**Problem description**
Once the line containing "Baumwolle/Modal-Shirt mit Bindeschleife" has been written out, stop; until then, restate each line of the entries below word for word from the first.

**The data**
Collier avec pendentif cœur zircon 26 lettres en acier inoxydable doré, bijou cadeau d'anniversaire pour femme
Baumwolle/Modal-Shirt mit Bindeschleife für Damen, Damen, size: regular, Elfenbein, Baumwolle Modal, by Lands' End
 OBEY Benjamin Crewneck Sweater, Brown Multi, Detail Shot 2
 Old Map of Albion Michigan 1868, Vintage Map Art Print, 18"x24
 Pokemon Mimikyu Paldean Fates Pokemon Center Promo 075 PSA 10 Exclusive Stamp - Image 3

**Expected output**
Collier avec pendentif cœur zircon 26 lettres en acier inoxydable doré, bijou cadeau d'anniversaire pour femme
Baumwolle/Modal-Shirt mit Bindeschleife für Damen, Damen, size: regular, Elfenbein, Baumwolle Modal, by Lands' End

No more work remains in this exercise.